Ein etwas sonderbares Szenarium. Wir würden uns zu Recht wundern, warum nicht alle Züge über die Landesgrenzen hinweg durchgebunden werden und der Zug zur halben Stunde um die wenigen fehlenden km verlängert und ebenfalls durchgebunden würde.

Das oben geschilderte Szenarium ist real, betrifft allerdings nicht das Trentino, sondern die Bahnverbindungen über den Brenner nach Innsbruck. Tatsächlich gibt es zwischen Bozen und dem Trentino werktags halbstündlich direkte Bahnverbindungen.
Um nach Innsbruck zu gelangen, gibt es, abgesehen von den 5 EC-Zügen des Fernverkehrs und den noch bis zum Fahrplanwechsel verkehrenden Korridorzügen, lediglich einmal stündlich eine Umsteigeverbindung am Brenner. Halbstundentakt gibt es keinen, da die Züge von Innsbruck lediglich bis nach Steinach verkehren.

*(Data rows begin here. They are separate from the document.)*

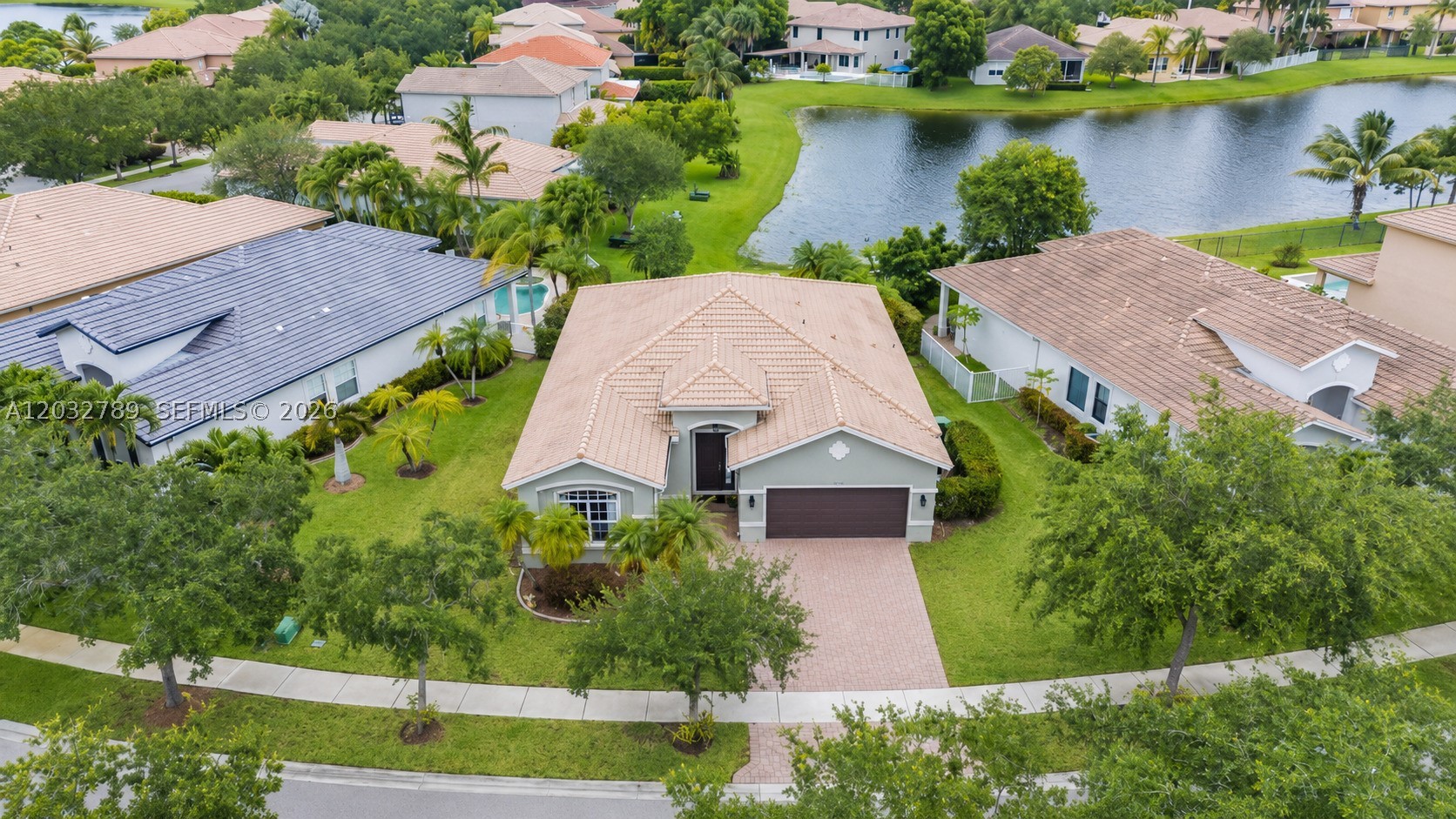 ISLES AT WESTON - Residential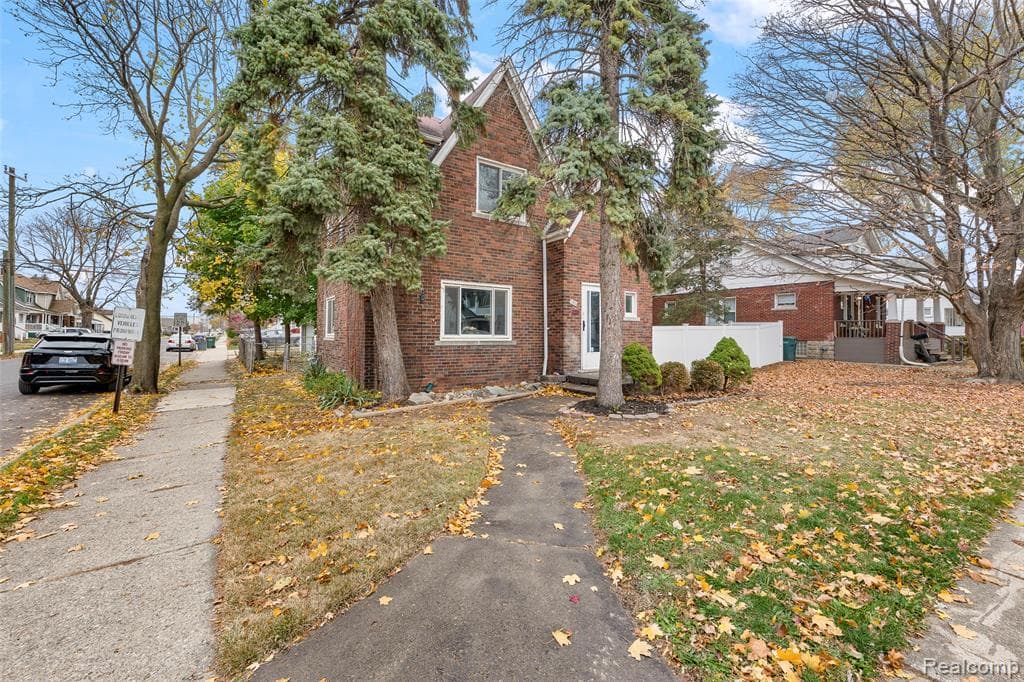 1332 Fort Park Boulevard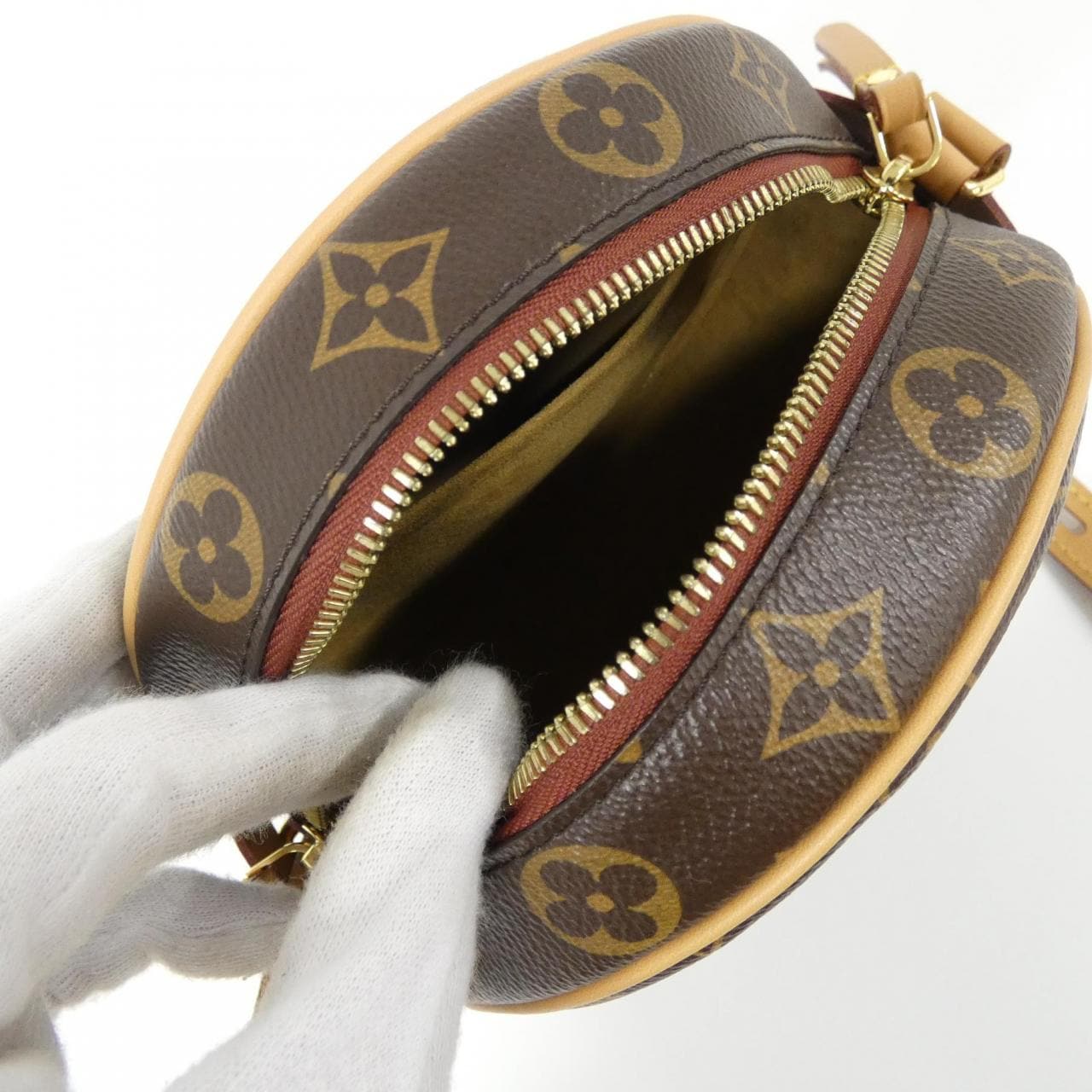 LOUIS VUITTON Monogram Boite Chapeau Souple M45578 Shoulder Bag
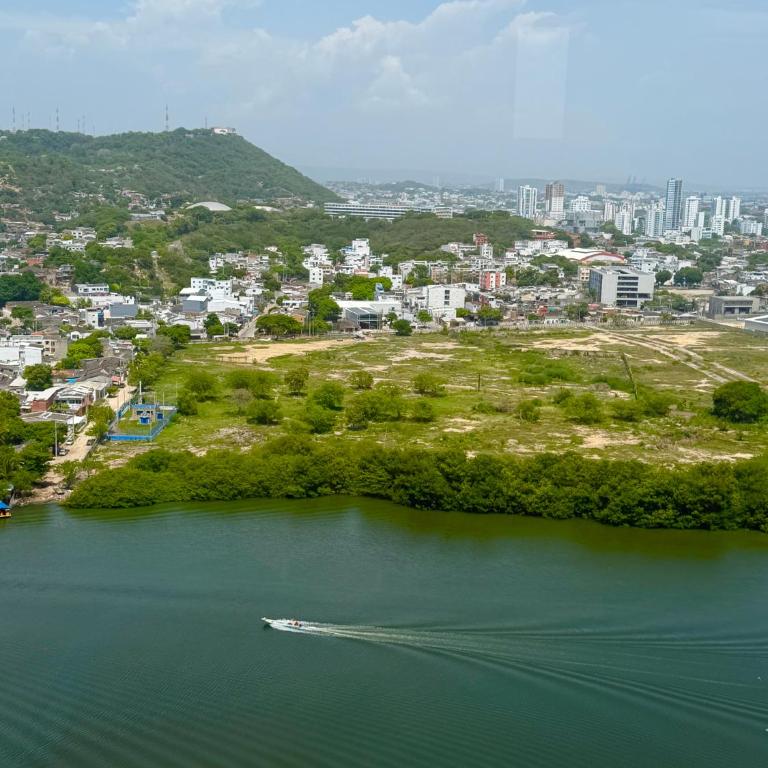 NEW! Ocean & City 360views 25FL FREE Airport pick up BY IMZ - Two-Bedroom Apartment - 68
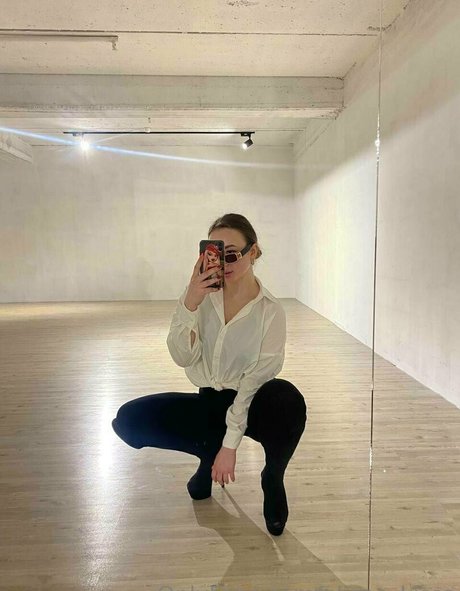 alicee kisss art actress pictures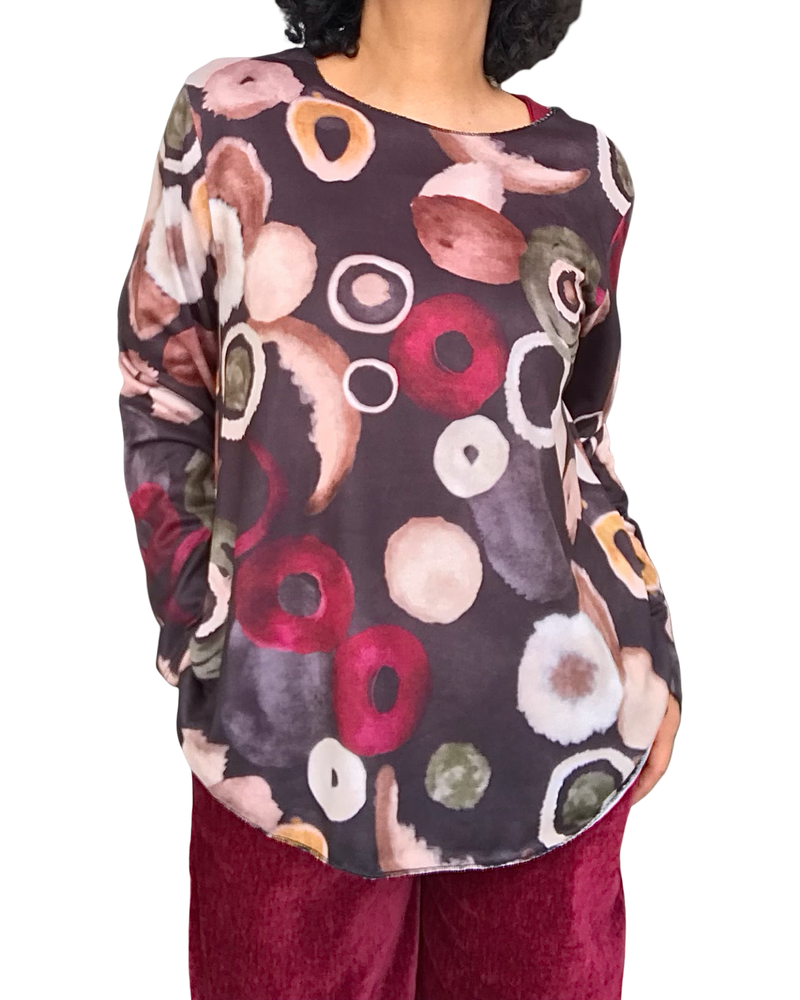 T-shirt manche longue noir col rond imprimé de cercles rouge vin, crème, kaki et noisette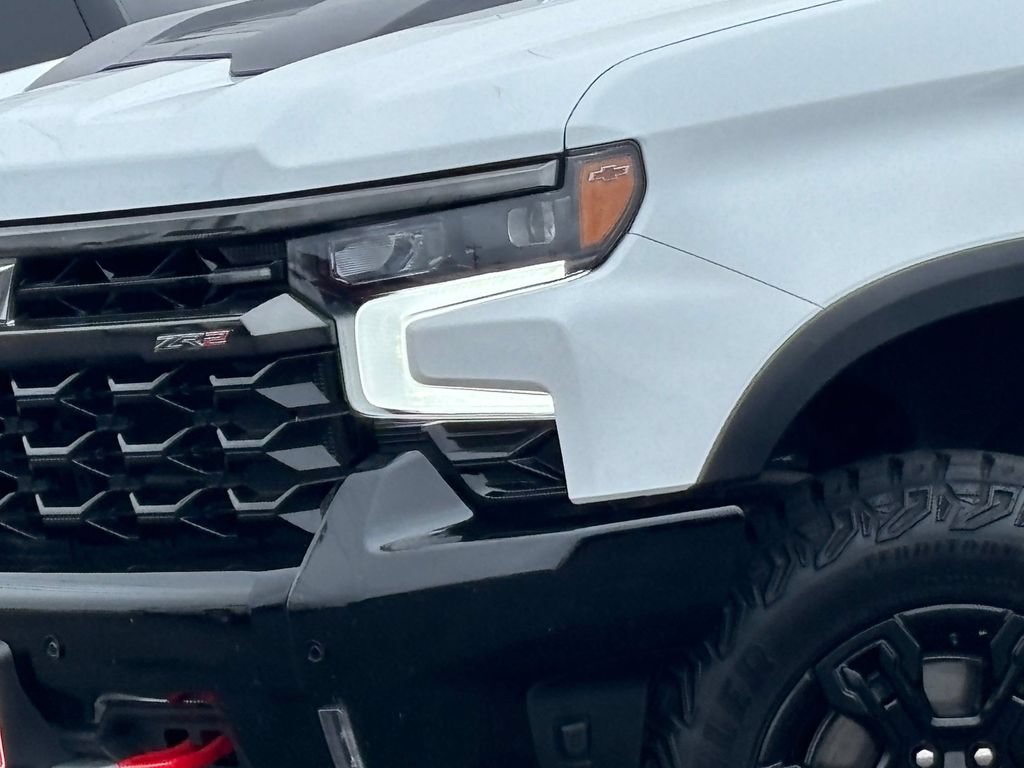 Used 2025 Chevrolet Silverado 1500 ZR2 w/ Technology Package AWD/4WD image 5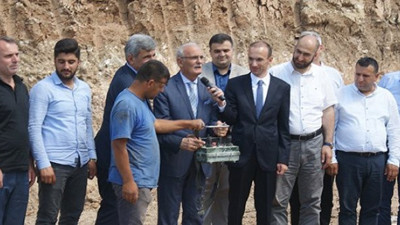 Kaymakam, AKP'li adayın mikrofonunu tuttu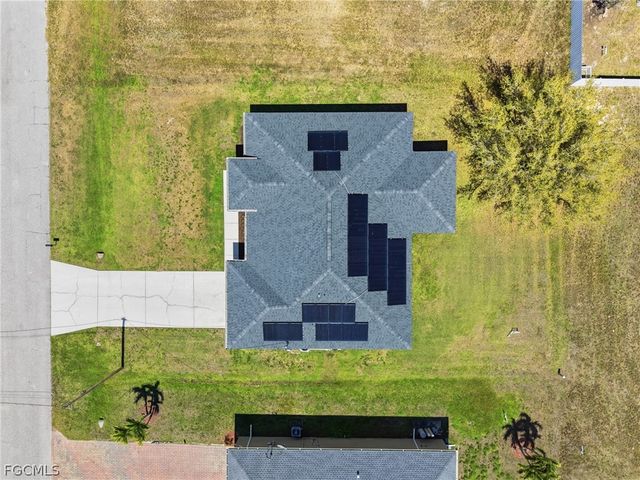 101 NW 18th AVE, Cape Coral, FL 33993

Im Frühjahr wurden vom Verkehrsressort des Landes Südtirol zwei direkte Zugpaare von Bozen nach Innsbruck angekündigt. Im Dezember soll nun aber lediglich eine Direktverbindung Bozen-Innsbruck umgesetzt werden. Anscheinend aufgrund mangelnder Bereitschaft vonseiten des Landes Tirol, dieses Zugpaar zu finanzieren. Die Prioritäten des Landes Tirol liegen auf der Inntaltrasse, wo ein reduziertes Fernverkehrsangebot durch Regionalzug-Bestellungen ausgeglichen werden muss.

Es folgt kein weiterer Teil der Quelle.